Bei Hochseeregatten wird die Solidität eines Projekts sowohl an der Zuverlässigkeit des Bootes als auch an der Zuverlässigkeit seiner Finanzierung gemessen. Um an den Start seines 6 e Vendée Globe, der ikonische Skipper der Einhand-Weltumsegelung versucht, sein Budget zu ergänzen.
April Marine, ein Partner, der die Dimensionen wechselt
Das Unternehmen mit Sitz in Les Sables d'Olonne wird zum wichtigsten Co-Partner des Projekts. Dieser Aufstieg ist Teil einer bereits etablierten Beziehung. Der Skipper und der Versicherer haben insbesondere bei jüngsten Projekten zusammengearbeitet, u. a. bei der Mini Transat 2025.
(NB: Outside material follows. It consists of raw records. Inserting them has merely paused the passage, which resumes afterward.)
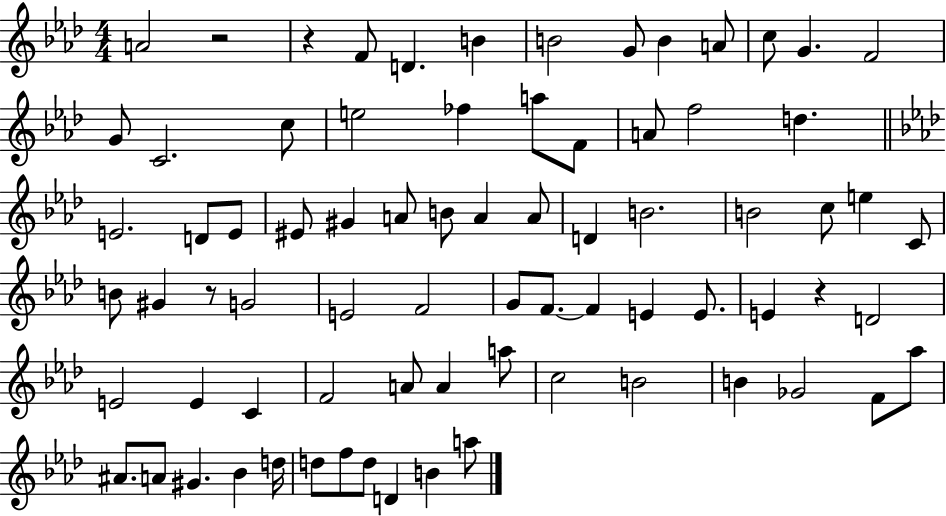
{
  \clef treble
  \numericTimeSignature
  \time 4/4
  \key aes \major
  a'2 r2 | r4 f'8 d'4. b'4 | b'2 g'8 b'4 a'8 | c''8 g'4. f'2 | \break g'8 c'2. c''8 | e''2 fes''4 a''8 f'8 | a'8 f''2 d''4. | \bar "||" \break \key f \minor e'2. d'8 e'8 | eis'8 gis'4 a'8 b'8 a'4 a'8 | d'4 b'2. | b'2 c''8 e''4 c'8 | \break b'8 gis'4 r8 g'2 | e'2 f'2 | g'8 f'8.~~ f'4 e'4 e'8. | e'4 r4 d'2 | \break e'2 e'4 c'4 | f'2 a'8 a'4 a''8 | c''2 b'2 | b'4 ges'2 f'8 aes''8 | \break ais'8. a'8 gis'4. bes'4 d''16 | d''8 f''8 d''8 d'4 b'4 a''8 | \bar "|."
}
Diese Art von Kontinuität bringt Stabilität. Sie ermöglicht es, die Saison mit einer finanziellen Grundlage und einer Kohärenz im Projekt zu beginnen. Sie deckt jedoch nicht alle ?????? Bedürfnisse ab.
Ein Budget, das ergänzt werden muss, um die Saison zu sichern
Trotz dieser Unterstützung müssen noch rund 400.000 Euro aufgebracht werden, um die Saison 2026 abzuschließen. Diese Summe ist entscheidend für die Vorbereitung des Bootes, die Logistik und die Fähigkeit, die Rennen unter guten Bedingungen zu bestreiten. Dabei kommt es auf jeden Posten an: Werft, Segel, Elektronik, technisches Team. Die Suche nach einem zweiten Hauptpartner wird daher zu einer unmittelbaren Herausforderung, da der Stapellauf im April 2026 bevorsteht.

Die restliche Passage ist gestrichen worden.